Que ce soit le dernier film d’Elia Suleiman, It Must Be Heaven, ou le film d’animation de Gitanjali Rao, Bombay Rose, les thèmes de l’exil, de l’identité et de l’immigration sont au cœur des réflexions qu’offrent les cinéastes. Que disent ces réalisations sur la capacité des cinéastes « du Sud » à proposer leurs propres histoires quant aux événements qui affectent leur pays d’origine ?

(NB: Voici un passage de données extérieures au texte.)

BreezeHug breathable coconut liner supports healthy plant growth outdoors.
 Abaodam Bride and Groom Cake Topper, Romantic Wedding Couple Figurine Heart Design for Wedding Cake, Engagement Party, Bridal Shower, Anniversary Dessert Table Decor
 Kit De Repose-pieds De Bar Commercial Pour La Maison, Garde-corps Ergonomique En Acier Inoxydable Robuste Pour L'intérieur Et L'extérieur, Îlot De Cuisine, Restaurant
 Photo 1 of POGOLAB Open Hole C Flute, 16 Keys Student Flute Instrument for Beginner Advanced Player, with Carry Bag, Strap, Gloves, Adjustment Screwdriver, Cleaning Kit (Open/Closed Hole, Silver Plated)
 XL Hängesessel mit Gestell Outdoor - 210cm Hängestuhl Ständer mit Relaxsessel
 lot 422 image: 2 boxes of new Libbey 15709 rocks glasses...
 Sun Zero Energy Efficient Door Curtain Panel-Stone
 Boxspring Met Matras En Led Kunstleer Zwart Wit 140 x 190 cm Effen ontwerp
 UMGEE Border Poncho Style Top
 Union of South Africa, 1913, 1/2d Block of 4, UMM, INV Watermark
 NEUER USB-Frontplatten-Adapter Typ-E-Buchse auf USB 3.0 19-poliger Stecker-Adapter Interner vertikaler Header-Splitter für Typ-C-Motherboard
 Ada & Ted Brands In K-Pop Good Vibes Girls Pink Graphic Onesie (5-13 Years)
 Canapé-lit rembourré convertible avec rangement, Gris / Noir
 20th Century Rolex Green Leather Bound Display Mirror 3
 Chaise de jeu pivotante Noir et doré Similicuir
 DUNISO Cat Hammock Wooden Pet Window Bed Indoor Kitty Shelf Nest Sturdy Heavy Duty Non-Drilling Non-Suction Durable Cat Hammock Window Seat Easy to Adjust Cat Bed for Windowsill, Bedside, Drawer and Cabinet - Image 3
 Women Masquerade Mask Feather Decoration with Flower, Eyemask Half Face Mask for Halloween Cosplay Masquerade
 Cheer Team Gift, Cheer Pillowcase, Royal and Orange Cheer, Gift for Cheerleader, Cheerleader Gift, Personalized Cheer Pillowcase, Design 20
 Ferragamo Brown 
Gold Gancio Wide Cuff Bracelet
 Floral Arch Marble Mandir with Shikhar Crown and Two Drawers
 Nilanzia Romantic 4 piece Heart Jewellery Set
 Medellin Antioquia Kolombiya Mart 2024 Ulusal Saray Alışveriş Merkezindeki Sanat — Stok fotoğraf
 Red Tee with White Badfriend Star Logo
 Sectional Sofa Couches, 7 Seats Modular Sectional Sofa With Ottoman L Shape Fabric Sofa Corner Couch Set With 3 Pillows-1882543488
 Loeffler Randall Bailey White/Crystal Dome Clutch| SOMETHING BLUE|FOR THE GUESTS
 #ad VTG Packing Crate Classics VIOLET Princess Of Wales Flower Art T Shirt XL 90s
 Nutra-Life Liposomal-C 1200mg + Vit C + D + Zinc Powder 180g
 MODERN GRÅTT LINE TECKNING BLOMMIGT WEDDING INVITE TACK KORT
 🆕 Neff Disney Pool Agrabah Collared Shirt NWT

N’est-ce pas comme si l’univers commençait enfin à arriver à un lieu d’expression ? Le succès des histoires gravitant autour des thèmes de l’identité et de l’immigration signifie beaucoup de choses. Le plus important d’entre eux étant que les gens veulent en savoir plus car ils se sentent enfin représentés et reconnus. Après des décennies de blocages, hérités du temps de nos aïeux, nous pouvons enfin nous réconcilier avec nous-mêmes et honorer ce que nous sommes. Je reste toujours sensible à l’intérêt du regard occidental pour mon travail, mon histoire et les sujets que je traite, car nous sommes liés par l’histoire coloniale. Je ne suis toutefois pas obnubilée par la manière avec laquelle il me regarde : j’essaie d’avoir une certaine authenticité, d’être la voix qui résonne dans mon intérieur tout en étant ouverte aux autres, car nous essayons toujours à la fin de nous exprimer de manière collective.